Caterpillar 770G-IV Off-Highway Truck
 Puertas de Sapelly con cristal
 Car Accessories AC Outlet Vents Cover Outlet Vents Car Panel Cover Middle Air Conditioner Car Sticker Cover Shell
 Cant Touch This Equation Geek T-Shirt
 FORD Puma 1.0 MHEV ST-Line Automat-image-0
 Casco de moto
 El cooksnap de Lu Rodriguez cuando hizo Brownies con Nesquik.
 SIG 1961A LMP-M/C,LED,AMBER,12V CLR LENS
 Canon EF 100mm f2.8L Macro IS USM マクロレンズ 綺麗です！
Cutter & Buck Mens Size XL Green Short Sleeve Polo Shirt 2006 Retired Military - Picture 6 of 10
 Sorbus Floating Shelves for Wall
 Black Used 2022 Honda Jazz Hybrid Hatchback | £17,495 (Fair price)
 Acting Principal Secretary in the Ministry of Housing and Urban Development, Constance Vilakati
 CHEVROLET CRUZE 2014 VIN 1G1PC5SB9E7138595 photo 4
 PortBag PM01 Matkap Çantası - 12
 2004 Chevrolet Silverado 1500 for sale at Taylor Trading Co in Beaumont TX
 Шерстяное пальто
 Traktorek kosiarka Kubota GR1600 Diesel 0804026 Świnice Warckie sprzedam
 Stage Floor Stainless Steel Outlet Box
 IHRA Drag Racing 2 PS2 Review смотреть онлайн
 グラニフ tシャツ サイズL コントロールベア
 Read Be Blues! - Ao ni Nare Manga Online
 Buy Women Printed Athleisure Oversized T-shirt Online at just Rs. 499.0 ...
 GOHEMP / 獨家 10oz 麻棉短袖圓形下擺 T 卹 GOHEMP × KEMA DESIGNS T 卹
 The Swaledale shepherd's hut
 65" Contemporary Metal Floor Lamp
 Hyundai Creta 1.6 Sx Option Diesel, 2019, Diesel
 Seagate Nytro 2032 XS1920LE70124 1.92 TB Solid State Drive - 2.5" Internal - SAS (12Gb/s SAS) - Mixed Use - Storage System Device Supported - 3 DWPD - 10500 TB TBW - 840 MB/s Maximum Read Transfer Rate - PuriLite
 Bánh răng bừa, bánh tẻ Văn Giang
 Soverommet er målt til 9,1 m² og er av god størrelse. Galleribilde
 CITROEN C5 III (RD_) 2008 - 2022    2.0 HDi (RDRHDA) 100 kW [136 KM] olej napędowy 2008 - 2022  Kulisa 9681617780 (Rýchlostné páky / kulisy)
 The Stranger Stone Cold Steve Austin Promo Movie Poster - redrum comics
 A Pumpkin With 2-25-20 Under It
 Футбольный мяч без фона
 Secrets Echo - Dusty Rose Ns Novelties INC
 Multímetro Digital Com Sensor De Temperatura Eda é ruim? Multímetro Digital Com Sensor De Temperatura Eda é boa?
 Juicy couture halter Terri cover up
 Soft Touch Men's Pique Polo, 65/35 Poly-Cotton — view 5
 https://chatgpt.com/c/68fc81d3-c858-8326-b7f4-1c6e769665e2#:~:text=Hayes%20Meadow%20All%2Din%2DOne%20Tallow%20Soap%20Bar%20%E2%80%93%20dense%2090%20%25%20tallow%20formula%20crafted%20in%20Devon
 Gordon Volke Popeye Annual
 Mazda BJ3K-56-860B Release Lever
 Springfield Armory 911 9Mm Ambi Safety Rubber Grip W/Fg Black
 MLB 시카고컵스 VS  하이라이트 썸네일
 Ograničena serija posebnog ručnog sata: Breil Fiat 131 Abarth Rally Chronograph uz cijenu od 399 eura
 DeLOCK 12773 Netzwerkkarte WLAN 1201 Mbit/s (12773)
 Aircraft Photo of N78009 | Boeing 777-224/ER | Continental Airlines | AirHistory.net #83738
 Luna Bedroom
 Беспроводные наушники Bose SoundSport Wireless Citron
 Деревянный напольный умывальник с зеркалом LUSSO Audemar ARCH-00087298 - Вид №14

Directions for this task: Please return exactly the lines that run from the line with "Gordon Volke Popeye Annual" through the end of the records above, both included, and nothing more.

Solution:
 Gordon Volke Popeye Annual
 Mazda BJ3K-56-860B Release Lever
 Springfield Armory 911 9Mm Ambi Safety Rubber Grip W/Fg Black
 MLB 시카고컵스 VS  하이라이트 썸네일
 Ograničena serija posebnog ručnog sata: Breil Fiat 131 Abarth Rally Chronograph uz cijenu od 399 eura
 DeLOCK 12773 Netzwerkkarte WLAN 1201 Mbit/s (12773)
 Aircraft Photo of N78009 | Boeing 777-224/ER | Continental Airlines | AirHistory.net #83738
 Luna Bedroom
 Беспроводные наушники Bose SoundSport Wireless Citron
 Деревянный напольный умывальник с зеркалом LUSSO Audemar ARCH-00087298 - Вид №14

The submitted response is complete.